• Aim of the task: Output only the lines below that start at the line containing "Le Syrien Khaled" and end at the line containing "carpeted empty room", with both ends kept.

• Extracted entries:
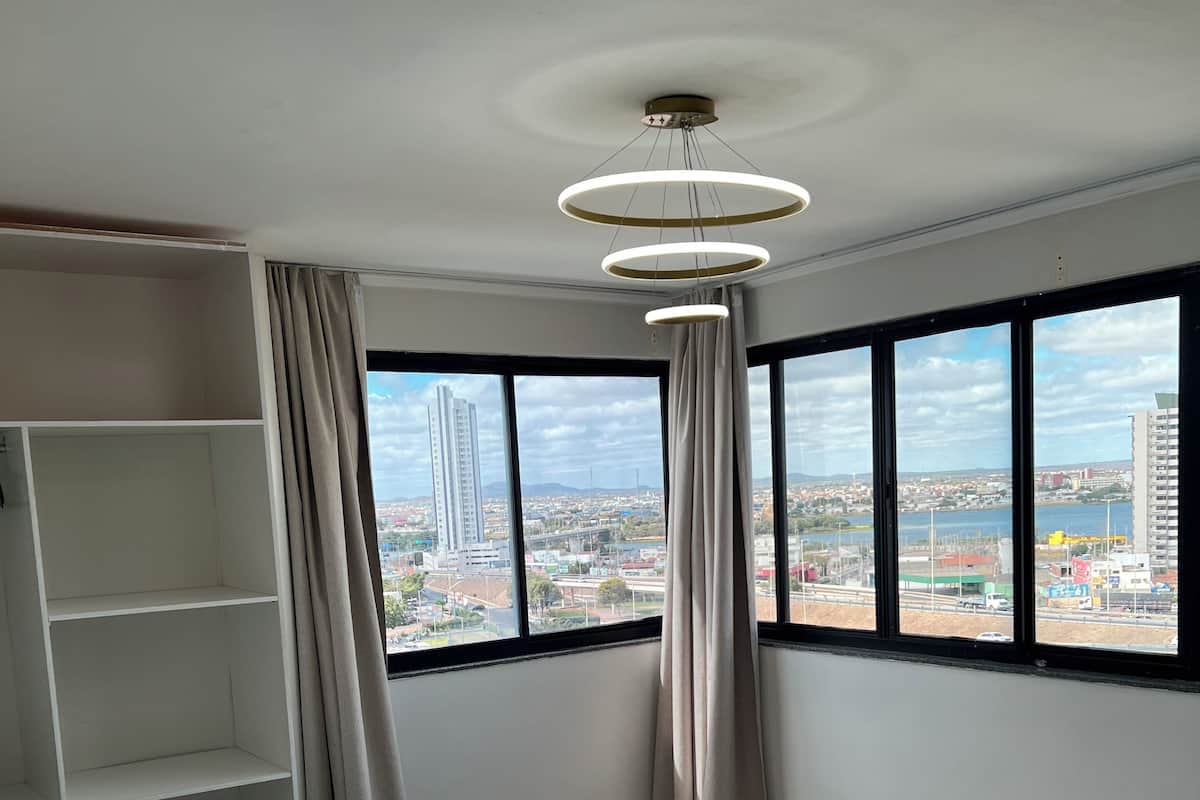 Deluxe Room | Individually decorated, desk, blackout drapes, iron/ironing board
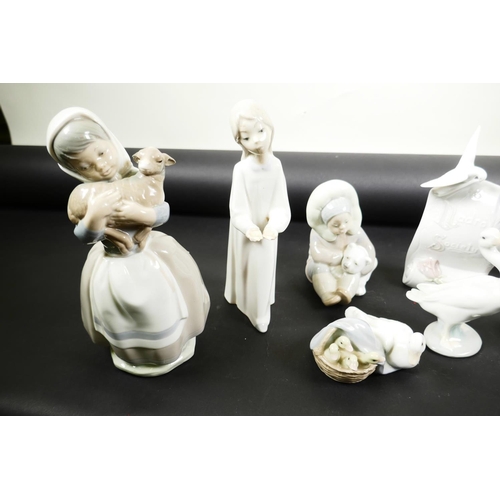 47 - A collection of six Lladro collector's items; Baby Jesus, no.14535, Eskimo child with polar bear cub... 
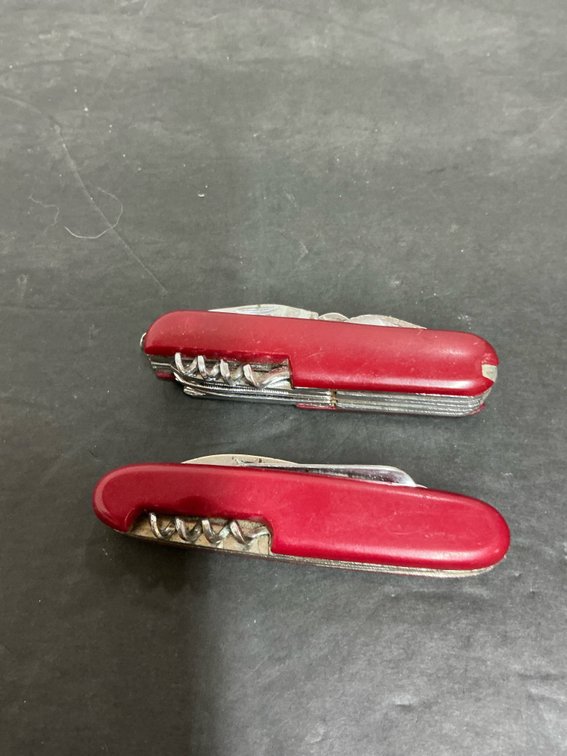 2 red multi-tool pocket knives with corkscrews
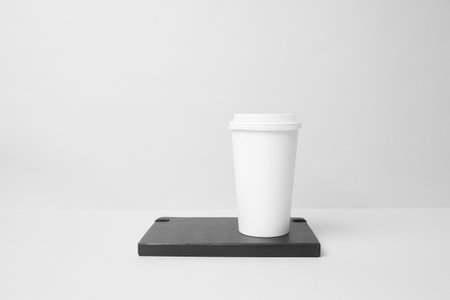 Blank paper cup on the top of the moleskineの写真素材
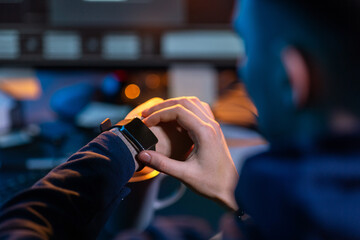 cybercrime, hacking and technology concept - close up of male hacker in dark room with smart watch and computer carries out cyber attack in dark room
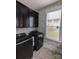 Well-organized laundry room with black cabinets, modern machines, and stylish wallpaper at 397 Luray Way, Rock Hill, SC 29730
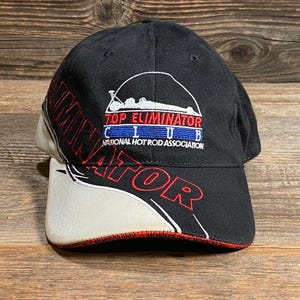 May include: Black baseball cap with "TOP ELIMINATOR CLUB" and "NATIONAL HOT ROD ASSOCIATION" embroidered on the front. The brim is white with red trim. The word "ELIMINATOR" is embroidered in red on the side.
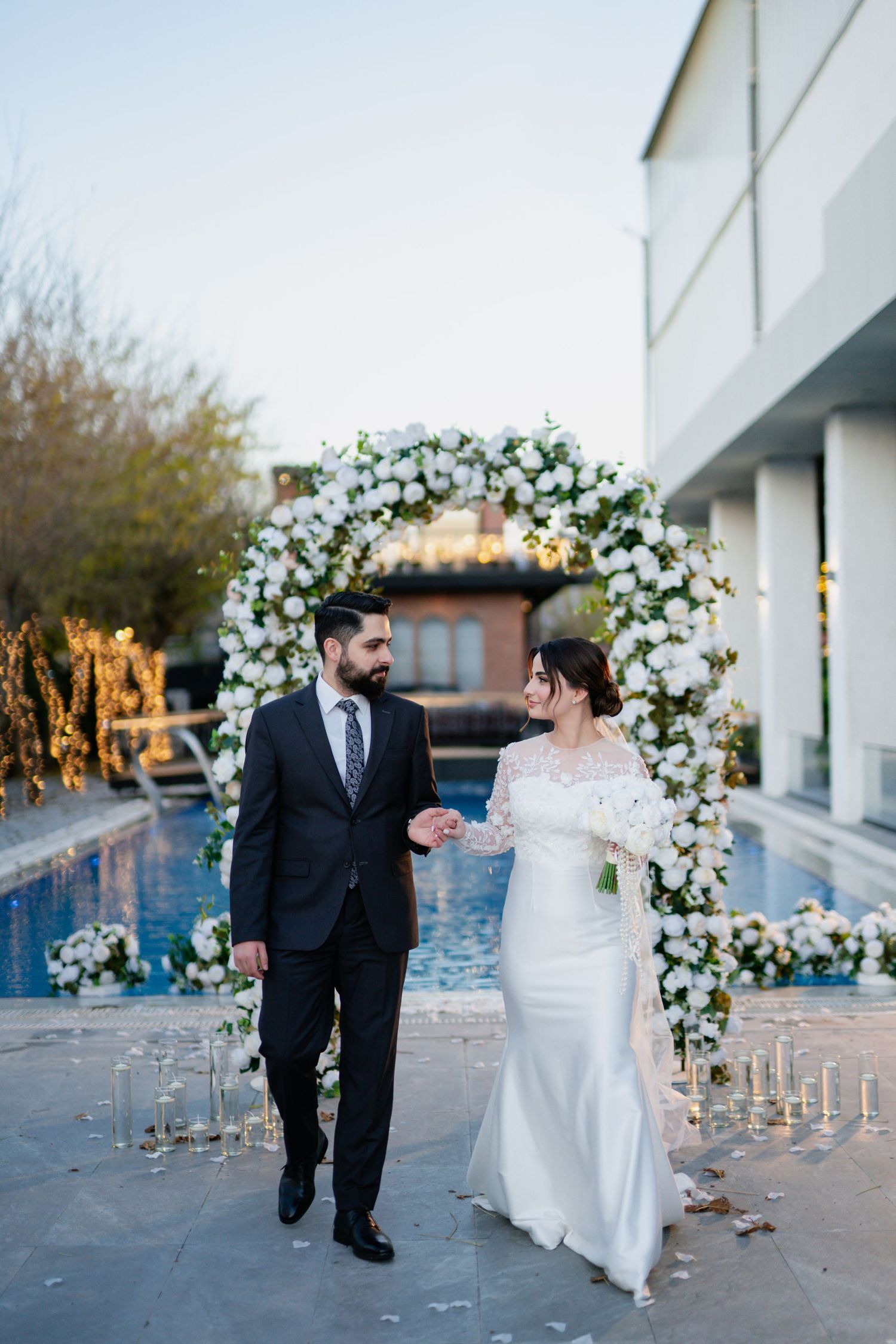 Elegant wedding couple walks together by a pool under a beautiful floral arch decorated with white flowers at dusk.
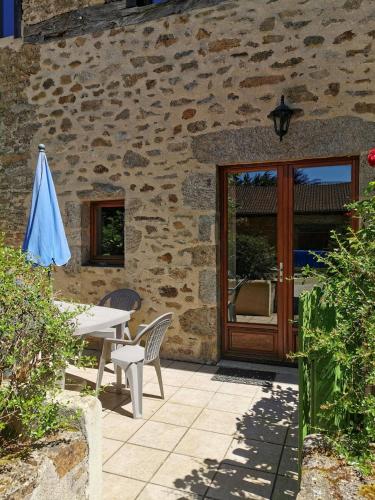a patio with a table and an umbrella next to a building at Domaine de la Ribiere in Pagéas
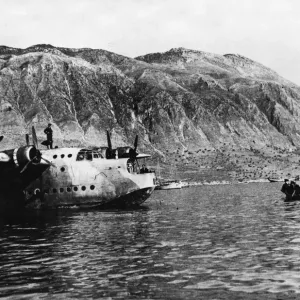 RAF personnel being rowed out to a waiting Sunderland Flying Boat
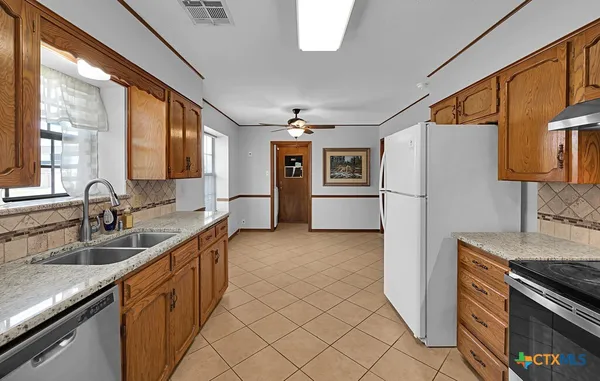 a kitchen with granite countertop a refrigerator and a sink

==

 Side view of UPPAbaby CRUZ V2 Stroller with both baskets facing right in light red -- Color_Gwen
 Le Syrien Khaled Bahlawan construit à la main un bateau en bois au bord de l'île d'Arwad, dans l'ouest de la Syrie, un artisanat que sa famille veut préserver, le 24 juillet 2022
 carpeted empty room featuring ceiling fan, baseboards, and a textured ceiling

• Task solution:
 Le Syrien Khaled Bahlawan construit à la main un bateau en bois au bord de l'île d'Arwad, dans l'ouest de la Syrie, un artisanat que sa famille veut préserver, le 24 juillet 2022
 carpeted empty room featuring ceiling fan, baseboards, and a textured ceiling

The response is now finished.